Danish Castles, Frederiksborg and Kronborg



Friday, August 19 – Northern Denmark, mostly sunny!

Barry Hamlet at Kronberg Castle. Denmark

Barry Hamlet at Kronberg Castle. Denmark

Our precious time with Jon and Kathryn is up.  We dock in Copenhagen, they go on a last day tour then home to San Diego and Barry and I rent a car to drive to the north of Denmark to see some castles.


Always a little worried about driving abroad, we are delighted to find that the driving here is very easy.  We have never seen such polite drivers, EVERYONE uses a turn signal and follows the speed limit.  The Danes would just die if they were to drive in LA.  We also fall in love with the countryside.  It’s so green, my eyes water. Cheerful Danish flags flying in the light breeze and tidy villages with well kept buildings pass our view.  It is so civilized here!

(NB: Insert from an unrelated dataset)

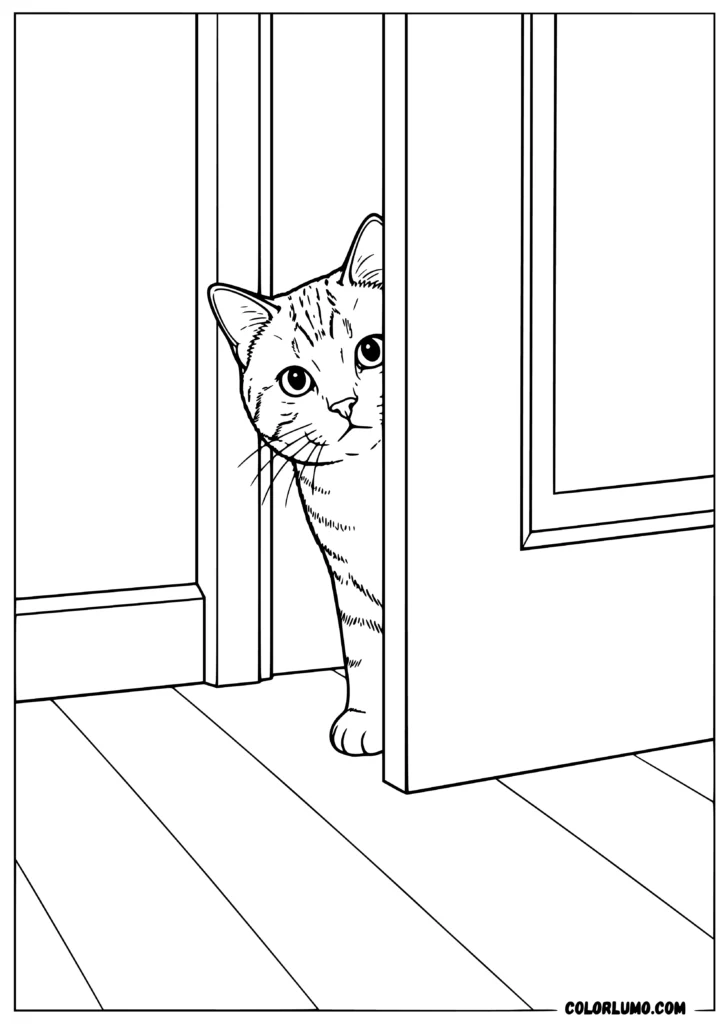 Realistic cat hiding behind a door coloring page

Our first stop is Hillerød, home of Frederiksborg Castle.  It is the largest Renaissance style Castle in Scandinavia.  It was built in the early 17th century under King Christian IV.  I could live here.  It is one of the most romantic castle-y palaces that I have seen.  It’s not too garish, with just the right amount of sparkle,  when needed.  We dodge the Chinese tourists who won’t let anyone else photograph Neptune’s fountain (I copied another photo from google and wrote a previous entry about those tourists.)  The King’s Wing and the Knight’s Hall are both stunning, the Church is amazing.  We are lucky to have a brief organ recital going when we visit and the music in that room is like a fairytale.  Barry got a little of it on video.

The Himmelglobus just fascinates me.  It is a large, beautiful mechanical model of the solar system, built between 1655 and 1657.  Though we don’t see it in action, it is driven by clockwork which control twenty-four movements in the interior of the globe.  The earth and moon are three dimensional spheres and the other bodies are small silver guides with planetary symbols in their hands.  The globe is topped by a small Ptolemaic globes, and the outsides of the globe are elaborately decorated by signs of the zodiac.  It looks like a steam punk treasure!

After the visit to Frederiksborg Castle, we stopped just outside Kronberg Castle to park.  A Dane asked Barry for directions in the parking lot, so we were pretty smug about blending in.  Just past the parking lot was another playground for kids. The Danes have playgrounds in the airport, here at the castle; they think about children living here!  It’s so civilized here.  After some urging, Barry tries out the trampolines and then we have a very nice Danish lunch in a modern restaurant.

Then, on to Kronborg Castle, is a UNESCO  World Heritage site situated in the narrow sound between Denmark and Sweden, quite a strategic location. It looks the real deal castle, with cannons and watchtowers. Originally built in 1420 and expanded between 1574 and 1584 by King Frederik II, it is also called “Hamlet’s Castle.” It is a mystery if Shakespeare ever visited here, but the setting for his play is this  castle and the court of Elsinore.  We are blessed with a sunny day and the vistas from the castle and grounds are dazzling.  They perform “Hamlet” here on an outdoor stage and there is a small museum with photos of different performances done here.  I am sure that it would be very impressive to see the play here.  It doesn’t take too great an imagination to hear the footsteps of the past here.

A lovely day ends in Denmark and we take a very late flight on Ryan Air to a late arrival in rainy Edinburgh.  Ryan Air, as my middle schoolers used to say, “sucks”.  However, we sleep tonight in mystical, magical, entrancing Edinburgh.

One thought on “Danish Castles, Frederiksborg and Kronborg”

  1. Thanks again for sharing your adventures, Denise!
    I always loved Denmark. One highlight was the large, birch wood burning fire places in the hotel lobbies. So cosy!